When it comes to the Indians and their pitching staff, 2019 has certainly been the Year of the Bieber. The All-Star Game MVP has realized basically all the potential that the wisest of us saw in him last year, and the Indians are so confident in him that they traded Trevor Bauer last week. He’s great. But this isn’t about Bieber. This is about Mike Clevinger, who did that whole “realize the potential” thing last season.
Despite a stint on the IL this year, he’s been even better than we saw in 2018. In fact, there’s plain evidence he’s been the best pitcher the Indians have for about a year now.
With the caveat that his only thrown 122 innings since the beginning of last August, 50 fewer than Bauer and 90 fewer than Bieber, Clevinger has been scintillating.
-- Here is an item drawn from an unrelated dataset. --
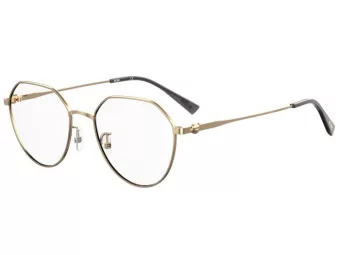   Moschino MOS 564/F J5G 53 Női szemüvegkeret (optikai keret)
Over the last calendar year he leads the Tribe in ERA at 2.58, K rate at 32.1%, batting average against at .193 (which also ranks third in all of baseball in the last year), and heck, he’s even second in wins, if that’s something you care about. These are all “tops in the Majors” type of numbers, so not only has he been good for the Tribe, he’s just been amazing in general. In fact, that ERA ranks fourth in baseball, the strikeout rate seventh, the batting average fourth. Calling a guy unhittable is high praise, and he’s certainly earned it.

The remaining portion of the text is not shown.